On having a nickname, or not

On Mom’s side, nobody really does nicknames.* I think it’s because Grandma didn’t like being called “Little Helen” when she was a girl. The aunt who raised her was named Helen as well. Then again, my grandfather, William, was never Will or Bill or Billy or any other variant. There was something utterly formal about them, and that trickled down through the generations. My mother and her siblings all got short names that would be hard to shorten. (Mary, Jane, Paul, and John. Why yes, they were Irish Catholic, for the most part.)

So I never took to nicknames myself, plus my name doesn’t necessarily lend itself to abbreviation. I’ve been more or less adamant that no, I don’t have a nickname, dammit!

But I have had two nicknames over the years.

My two very oldest friends both called me Laney, both came up with it independently some years apart. Stacy I first knew in 3rd grade, and we were very close then, less so later, but close enough that it was okay by me if she called me by a short name. Thao was my best friend in junior high, and very close in high school; since then we’ve been in touch intermittently but always very good friends. And besides, Thao’s the kind of person that if she’s decided that was my nickname, then that was my nickname. 🙂

C’s group of friends has known each other since elementary and junior high school, and they all have nicknames for each other, sometimes two or three of them. So there was no way, as I became part of the gang, that I was going to avoid a nickname. (B once called me “Mrs. Turbo,” using one of C’s nicknames, but that didn’t really count.)

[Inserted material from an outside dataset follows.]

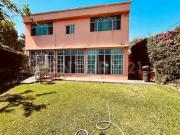 CASA EN RENTA, EN CUAUTLA, MORELOS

Funnily enough, the one that stuck is the one that would’ve been absolutely impossible when I was living at home: E. Just the letter “E” all by itself; at home, I was the oldest of three “E” girls, and I never even just used two initials for anything, always all three to tell my initials apart from my sisters’.

But I find I like it, at least with that group. It’s a sign that I’ve been absorbed into the gang, and I appreciate it.

* Dad’s side, by contrast, is all shortened names: Jim, Mel, Susie/Beth, Bill, Billy, etc., etc. But I spent most of my childhood around Mom’s side of the family.